• PROMPT:
Only the lines in the entries below from the line with "Elegant beaded earrings" to the line with "A woman standing", both included, belong in the answer, transcribed exactly and without pictures.
-- DATA TO USE follows --
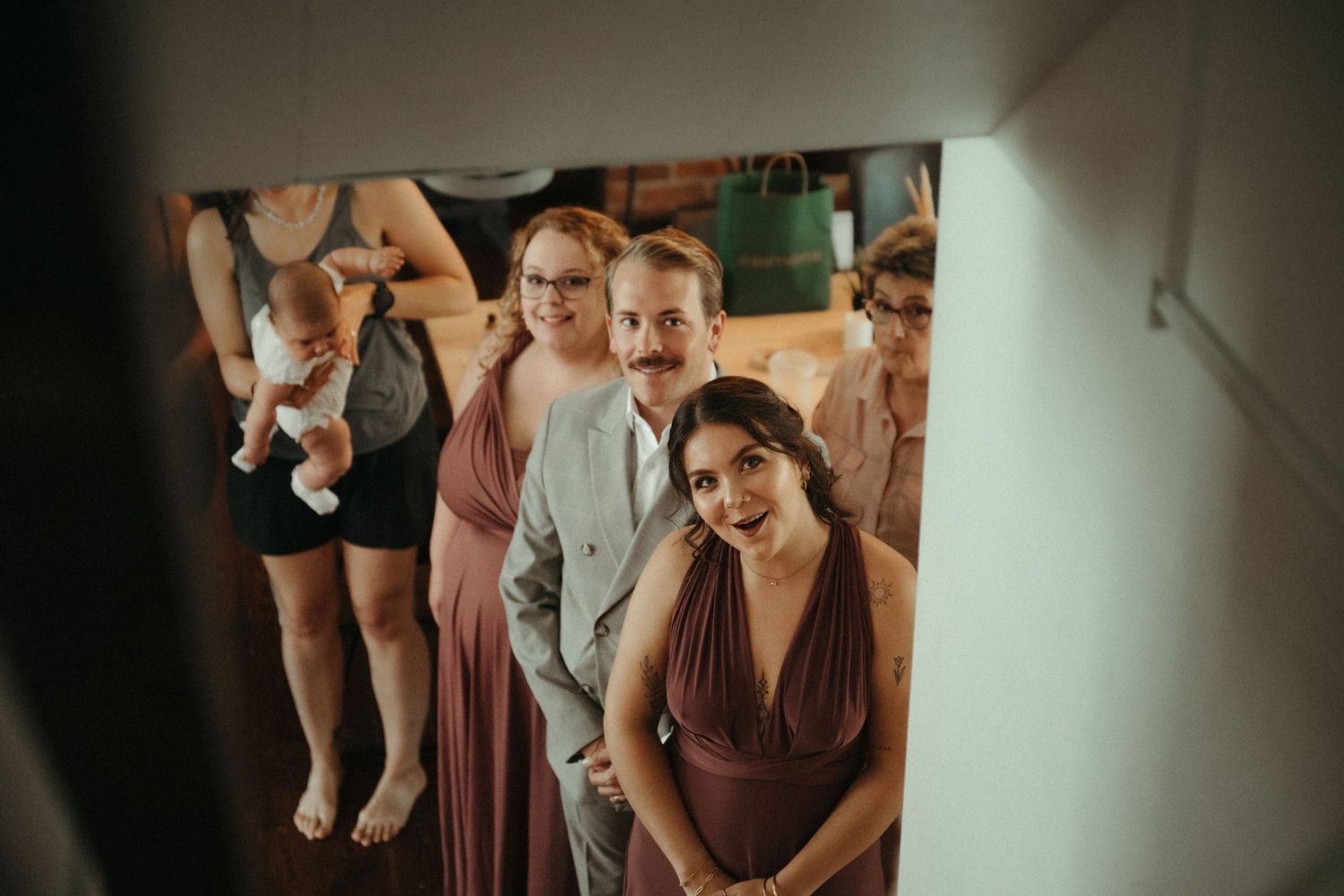 Wedding party in mauve bridesmaid dresses and gray suit gather in doorway, viewed from above at indoor venue.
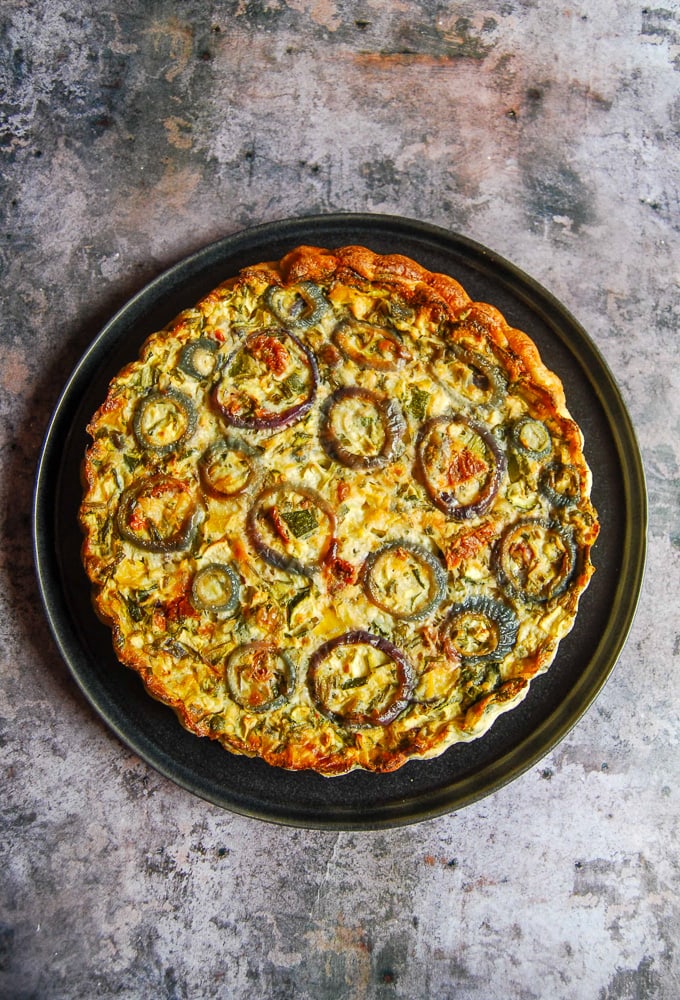 A flatlay photo of a crustless quiche on a black plate. 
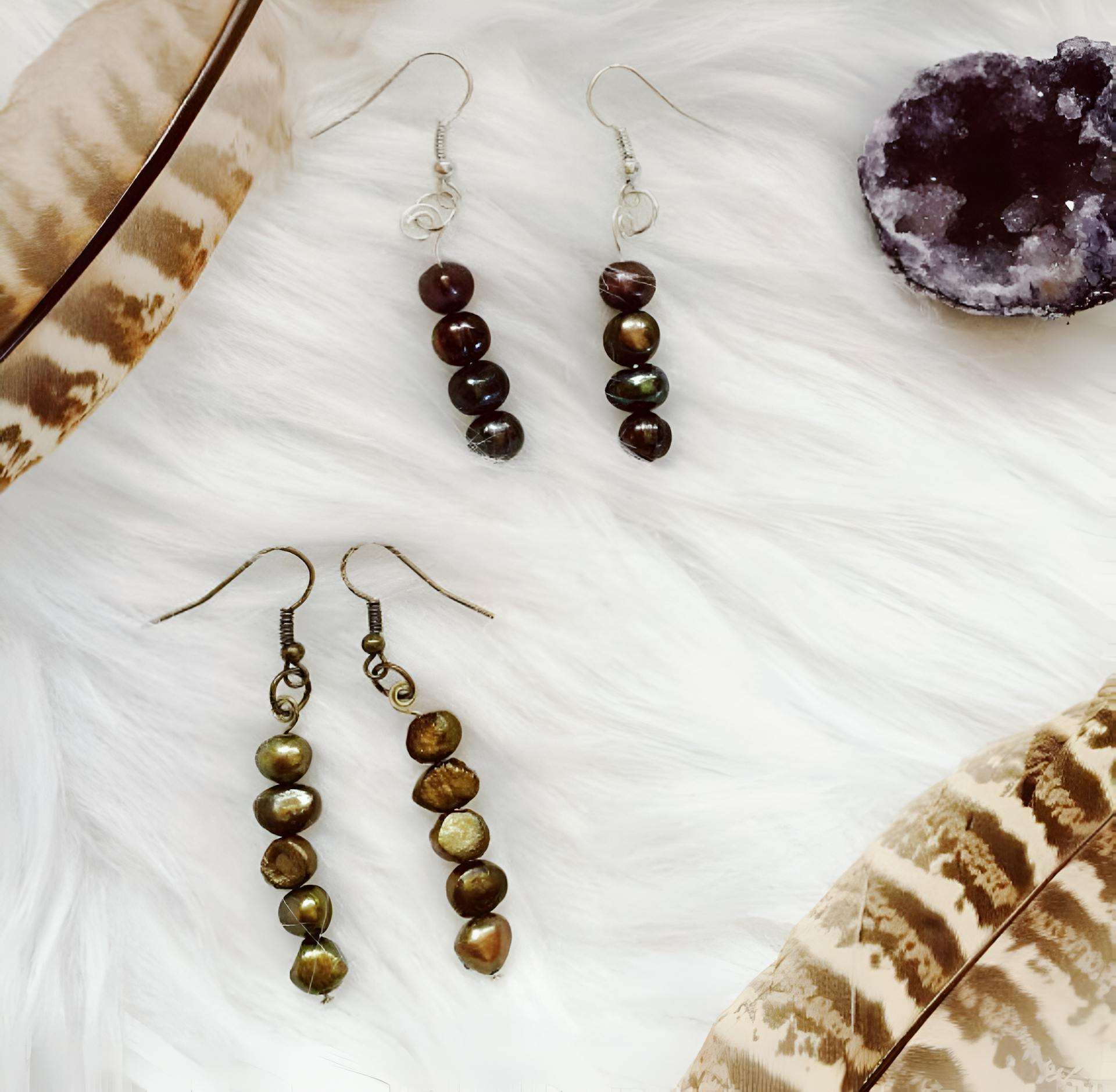 Elegant beaded earrings displayed on soft white fur beside feathers and a geode crystal.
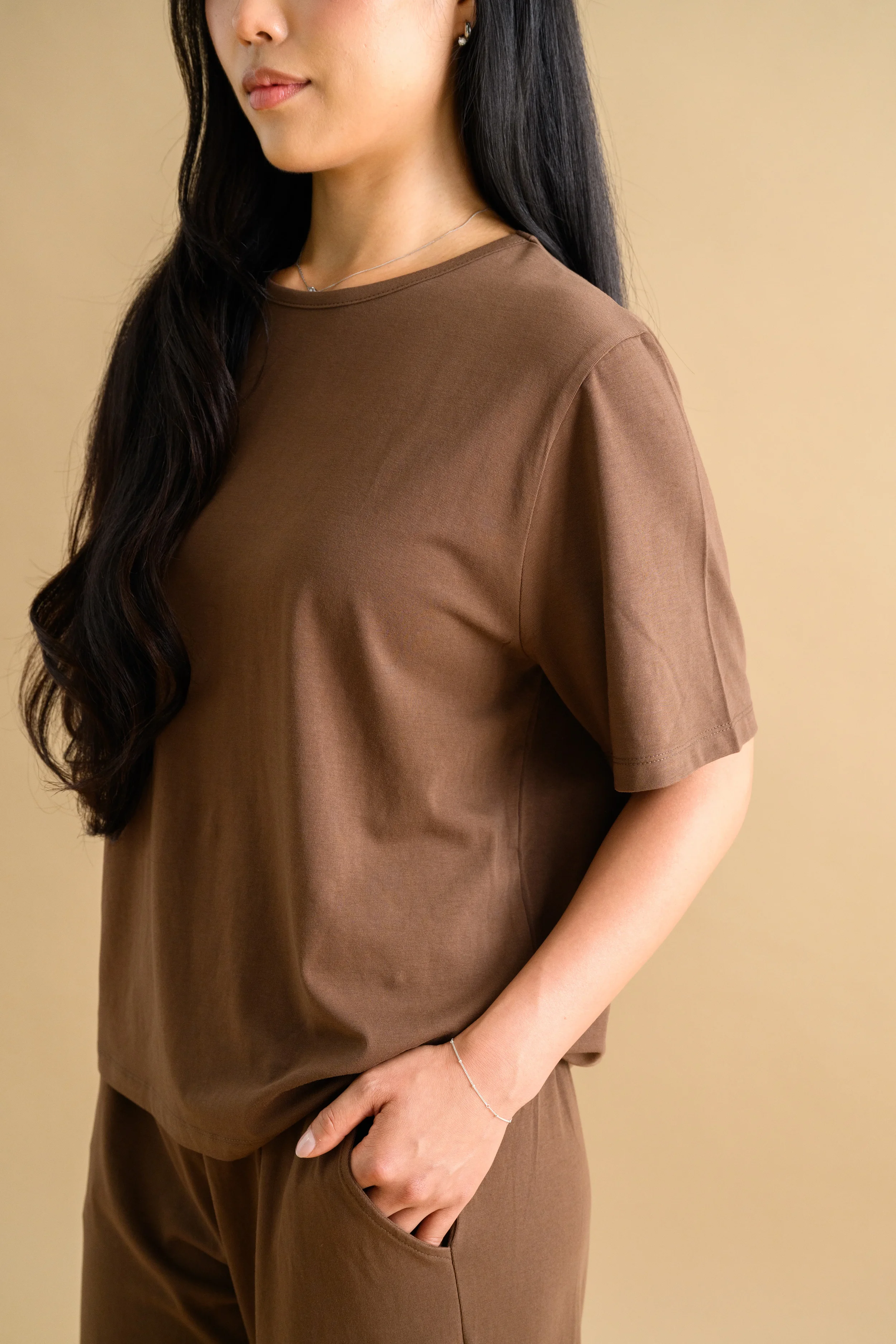 A woman standing against a beige backdrop, wearing a brown short sleeved shirt and long loose pants by Heirloome House.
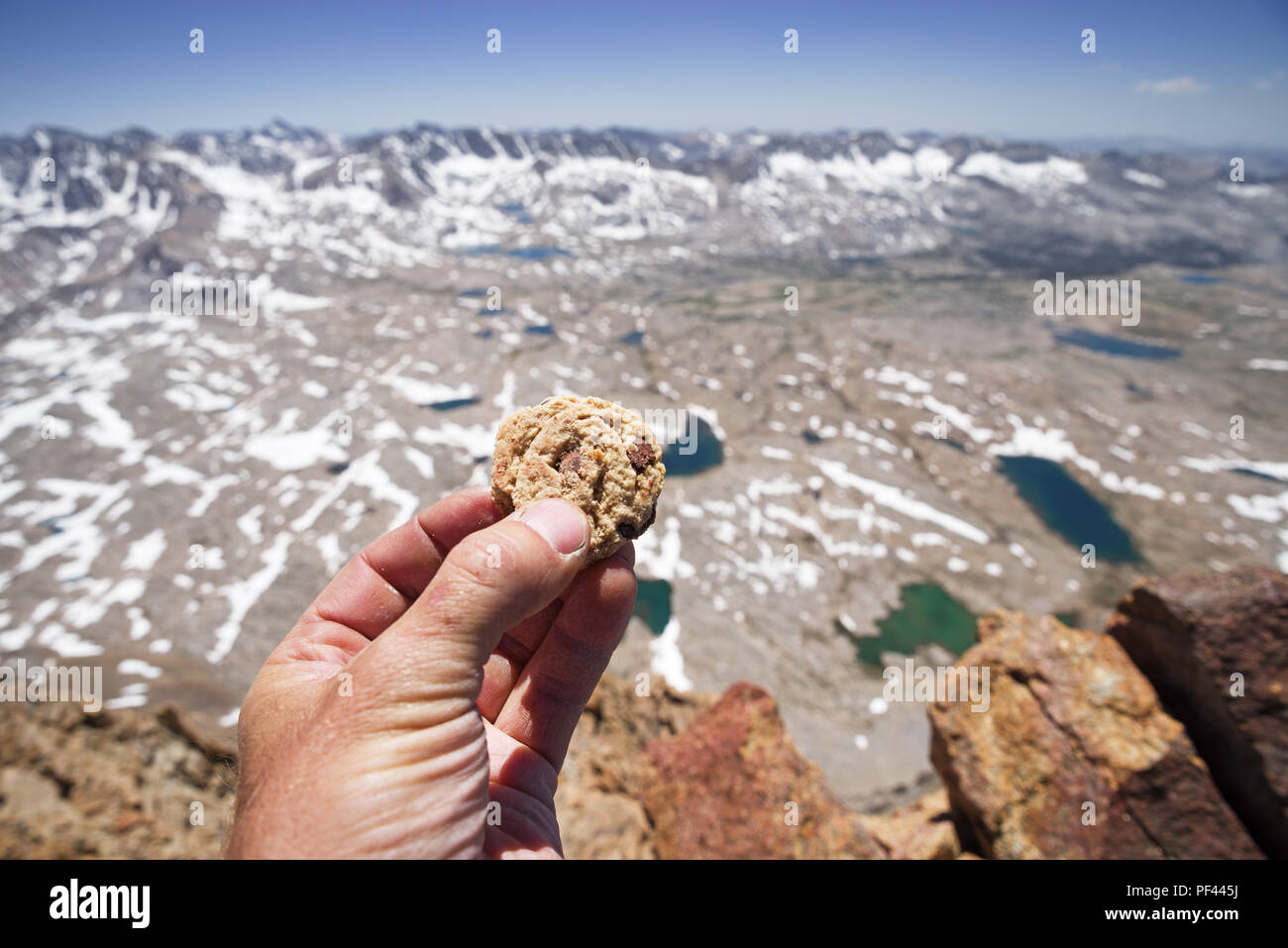 Un mans hand holding a chocolate chip cookie sur le sommet du mont Humphreys dans la Sierra Nevada de Californie Banque D'Images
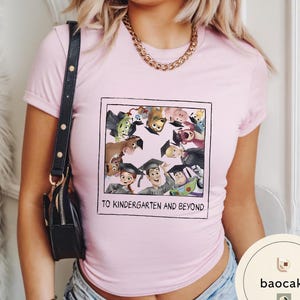 May include: A pale pink t-shirt with a framed graphic of animated characters wearing graduation caps. The text "TO KINDERGARTEN AND BEYOND" is printed below the graphic. The shirt has short sleeves.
-- DATA TO USE concluded --
• ANSWER TO THIS TASK:
 Elegant beaded earrings displayed on soft white fur beside feathers and a geode crystal.
 A woman standing against a beige backdrop, wearing a brown short sleeved shirt and long loose pants by Heirloome House.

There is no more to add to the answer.